For months, fears about the Rio de Janeiro Olympics have been hogging the spotlight.
There are concerns about safety amid a surge of murders in Rio and extremist attacks in Europe and the United States. Polluted beaches and other waterways could make athletes and visitors ill, and the Zika virus has scared some competitors away.
If all that wasn’t enough, the state of Rio is so broke that months ago it stopped paying thousands of public employees; Angry police have periodically been greeting tourists in the international airport with signs that say, “Welcome to hell!”
If history is a guide, however, a focus on the problems is all part of the script in the run up to the games. Once the competitions start, most if not all of the problems fade into the background – at least for the athletes, tourists and millions watching around the world.
Such negative coverage has a “very simple explanation,” says Michael Heine, director of the Center for Olympic Studies at Western University.
“The event is about sports, but you can’t find sporting material because the whistle hasn’t gone yet,” said Heine. “So what else do you write about?”
Coverage ahead of the 2012 Olympics in London included stories about terrorism fears and concerns about civil liberties in light of increased military and police presence. The run up to 2008 Games in Beijing put a spotlight on authoritarianism and extreme air pollution in China. In Athens 2004, there were myriad questions about whether the venues would be done in time.
Many Brazilians feel frustrated that the expectations are overwhelmingly negative, especially when the country has pulled off big events like the 2014 World Cup.
They argue that such accounts don’t take into account Brazilian “jeito,” or way of doing things, which includes an easy-going nature and a penchant for successfully pulling things off at the last moment. And the doomsday scenarios all but ignore samba dancing and capoeira martial arts, beautiful coastlines contrasted by mountains covered with lush jungle, stunning sunrises and sunsets, caipirinha cocktails and culinary options that range from meat-eaters’ delights to exotic fish plucked from the Amazon River.
“No one throws parties like Brazil,” said Denis Eduardo, a 34-year-old travel agent from Sao Paulo traveling to Rio for the games. “People might be bashing Brazil now, as if all previous Olympics had been perfect, but it won’t be long until they are all enjoying it here.”
Brazil’s problems, however, go beyond what other recent countries hosting the Olympics have faced. Latin America’s largest economy and most populous nation is suffering its worst recession in decades. A political crisis has paralyzed the country and brought out deep polarization – which could very well translate into large protests during the competitions.
The opening ceremony will highlight the cloud hanging over the country: Interim President Michel Temer will ring in the games while impeached President Dilma Rousseff, suspended for alleged fiscal irregularities in her managing of the budget, stays home.
Even in normal times, Brazil’s infrastructure is poor. Building collapses are frequent, clogged and pot-holed plagued streets turn traffic into parking lots and electricity and running water are not always a given, even in rich areas.
When the Australian delegation complained last week about dangling wires, bursting toilets and gas smells in the Olympic Village apartments, they were experiencing things that are common for Brazilians.
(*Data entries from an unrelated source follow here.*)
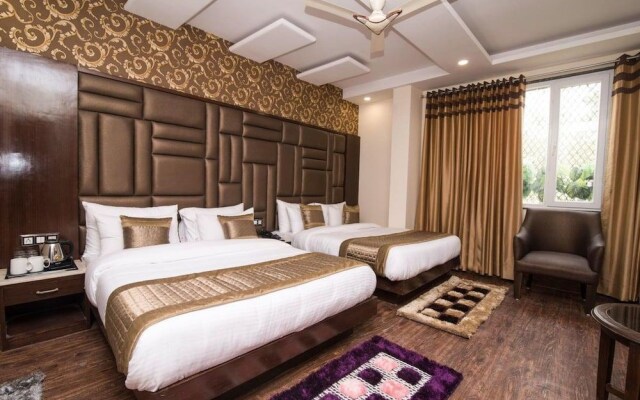 Hotel Mannat Int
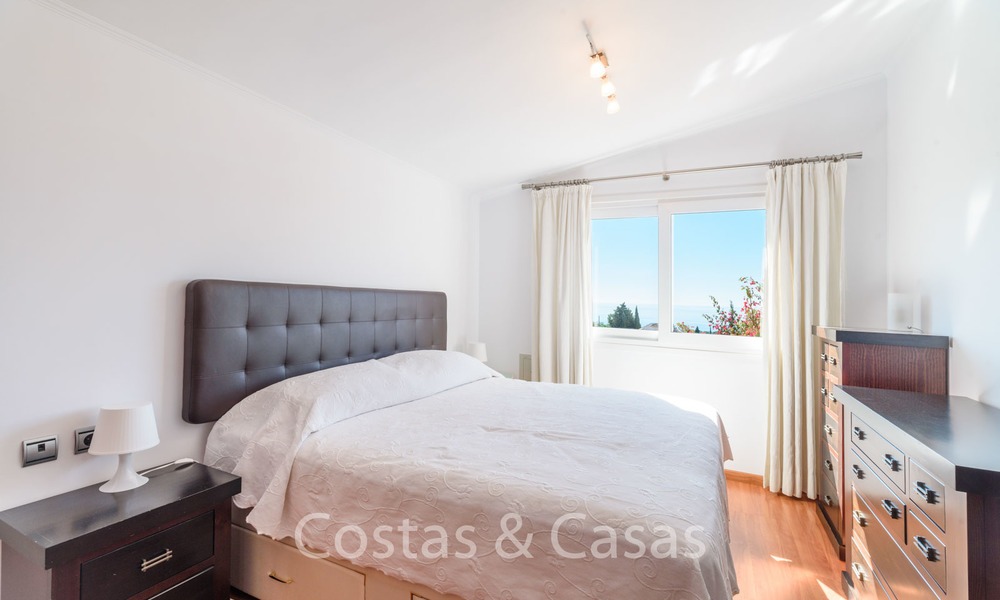 Elégante villa rénovée de style andalou à vendre, avec vue panoramique sur la mer, Marbella Est - Marbella 6379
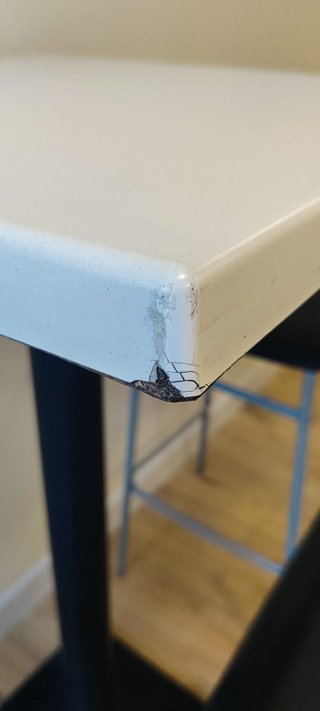 Mesa alta y 3 taburetes con respaldo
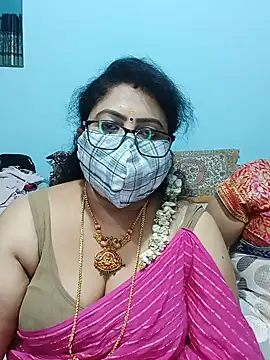Snapshot of Kannadasexywifes chatting on May 18, 6:47 pm Kannadasexywifes online show from May 18, 6:47 pm
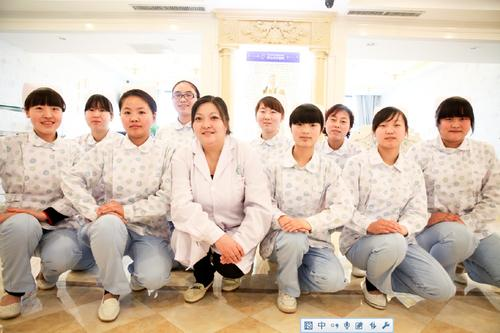 新生儿可以被别人抱吗(新生儿小被褥有啥讲究)-第3张图片-波音达百科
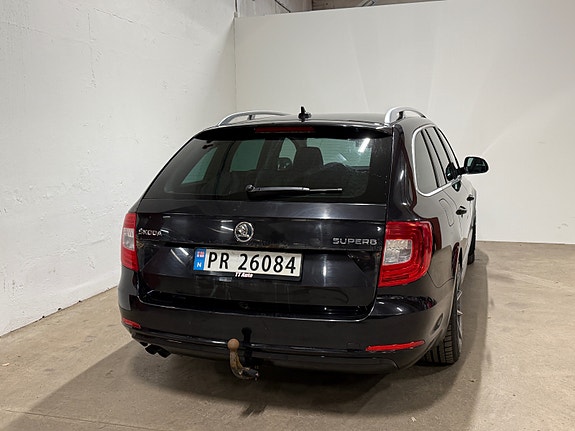 Skoda Superb 11 of 30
The April collapse of a coastal bike lane, an Olympics legacy project inaugurated with much fanfare just a few months before, underscored how dangerous shoddy construction can be. Two men plunged to their death when a big wave turned a large chunk of the path into a mountain of concrete and metal.
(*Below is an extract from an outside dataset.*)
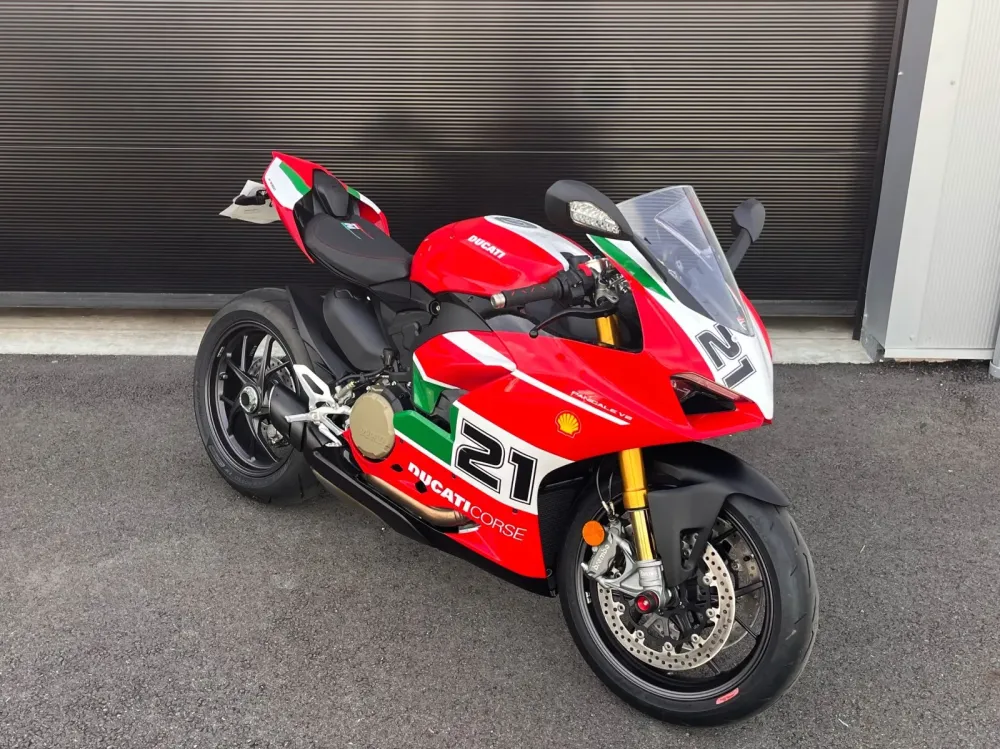 Protégez votre Ducati Panigale avec notre film de protection XPEL dans notre centre certifié à Pau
The lane has been shut down while authorities investigate. However, there is little doubt that the engineering was deficient or the construction was faulty, or a combination of both.
David Wallechinsky, president of the International Society of Olympic Historians who will be attending the games, says the last-minute completion of major projects reminds him of an episode in Athens.
On the way back from watching a beach volleyball game, his wife and son got stuck in a newly-built metro train. It was over 90 degrees and the doors were not working, so several men pried them open.
When Wallechinsky looked into it he was told: “We just inaugurated it yesterday.”
In Brazil, “are they doing this for the metro system, the venues? Has everything been checked out?” he asked.
Arguably the biggest fear is security. The recession has exacerbated the already precarious situation of millions who live in the city’s hundreds of slums; Armed men sometimes descend from the hills to rob unsuspecting tourists and more well-to-do locals.
After recent attacks in Orlando, Florida, and Nice, France, Brazilian authorities have gone on the offensive in recent weeks, arresting more than a dozen men who had expressed allegiance to the Islamic State group – but had done almost nothing to actually plan an attack.
Soldiers wearing bullet proof vests and carrying automatic weapons have been blanketing the airports, malls and tourist areas in recent weeks. Authorities say 85,000 soldiers and police will be on hand during the games, roughly twice the number on hand in London.
“I understand that people are concerned about security,” said Alexandre Braga, chief of the city’s tourist police unit. “But I don’t think there will be any major problems in Rio.”